Quotulatiousness

March 6, 2012

This is why I haven’t been covering the robocallpocalypse

Filed under: Cancon, Politics — Tags: , , , , — Nicholas @ 10:23

Margaret Wente in the Globe & Mail brings a sense of proportion to the robo-call “crisis” in Canadian politics:

What’s happened to my country? I went away for a couple of weeks and all hell broke loose. I came back to find that someone named Poutine stole the last election. At first I thought this was a typo, that they meant Putin. But no. It turns out that Russia is a shining beacon of democracy compared to Canada. Apparently, our country has been hijacked by “the most comprehensive electoral fraud in our nation’s history” (Pat Martin, NDP critic). Voter suppression — lying, cheating and general chicanery — has driven us into “uncharted waters” (Bob Rae, Liberal Leader).

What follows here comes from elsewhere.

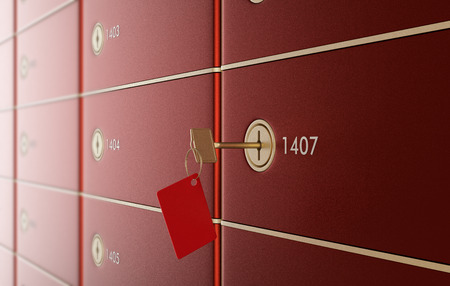 close up view of a stack of safe boxes, one of them with a key (3d render)の写真素材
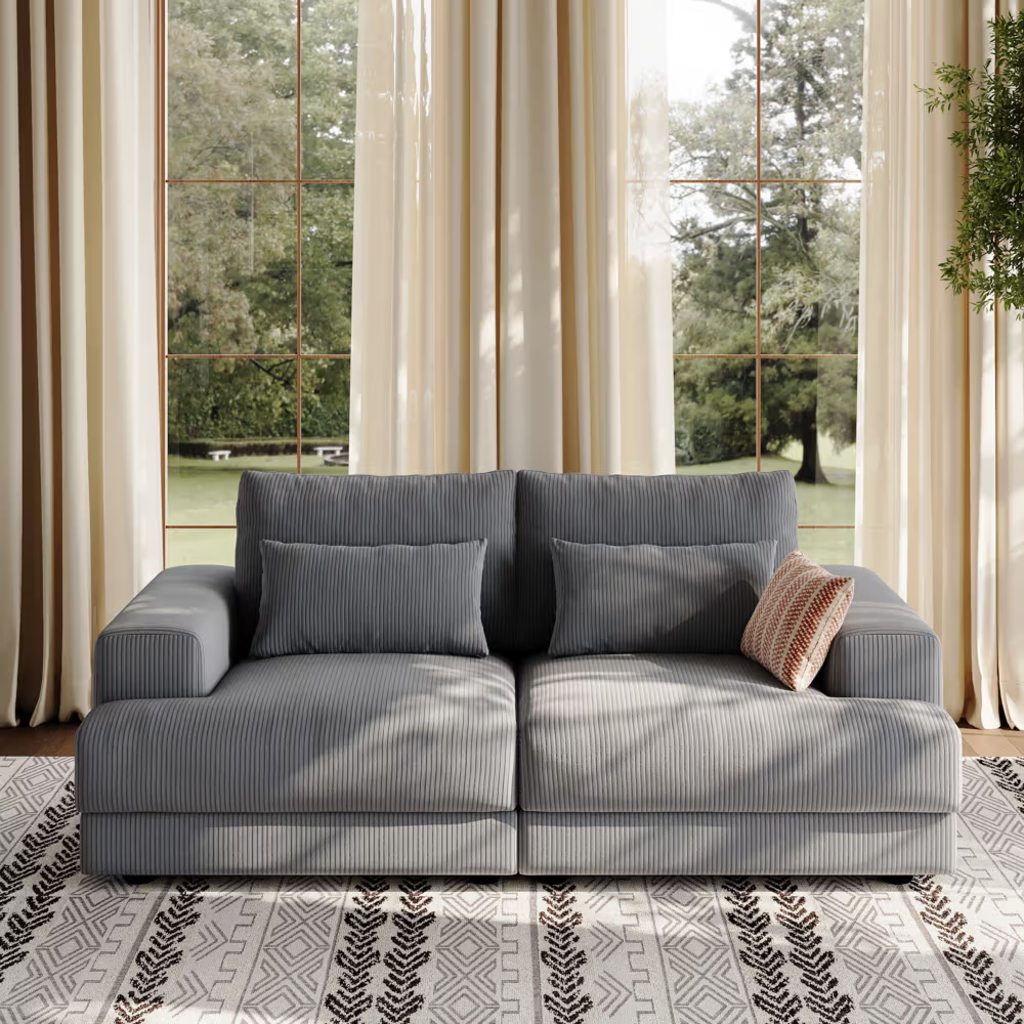 Gray corduroy modular sofa with deep cushions and wide arms in a bright living room with floor-to-ceiling windows.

I certainly don’t wish to make light of voter fraud. But this fraud seems to have been engineered by the Keystone Kops. Not a single voter claims to have been prevented from voting. No ballot boxes appear to have been stuffed. Nobody was fraudulently elected. There weren’t even any hanging chads. Elections Canada says 31,000 Canadians have complained, but the vast majority of these complaints (“somebody called me at 10 p.m.”) seem trivial.

The dirty trickster at the heart of this evil scheme turns out to be someone with the nom de plume of Pierre Poutine (real identity unknown). Mr. Poutine and his henchmen were not personally directed by Stephen Harper but are widely thought to have been channelling him. In Guelph, Ont., they engineered a bunch of robo-calls that directed people to show up at non-existent voting stations. This tactic was evidently intended to discourage people who didn’t support the Conservatives from voting. It was so effective that the Liberal candidate won by a margin of 11 per cent.

1 Comment

  1. Funny how it has taken almost a year for this to make it to the media. And also funny how the numbers keep climbing since the CBC, and other news outlets, have asked “concerned Canadians” to contact them with “their story”. And now Elections Canada is getting in on the story by setting up their own website for more “concerned Canadians” to post their complaints.

    The problem in all this is that Elections Canada has already said that it moved over 120 polling stations in the days leading up to the election. It passed the info on to ALL political parties and then asked them not to tell the electorate, but refer them to EC’s own website or info number. I can see operators for ALL political parties trying to get the vote out making use of this info, and making mistakes.

    One other thing, the 31,000 number being thrown about, probably a lot of “progressives” whose stories will never be verified. Seems like we should take their word for it because they would never lie about something as sacred as democracy, eh?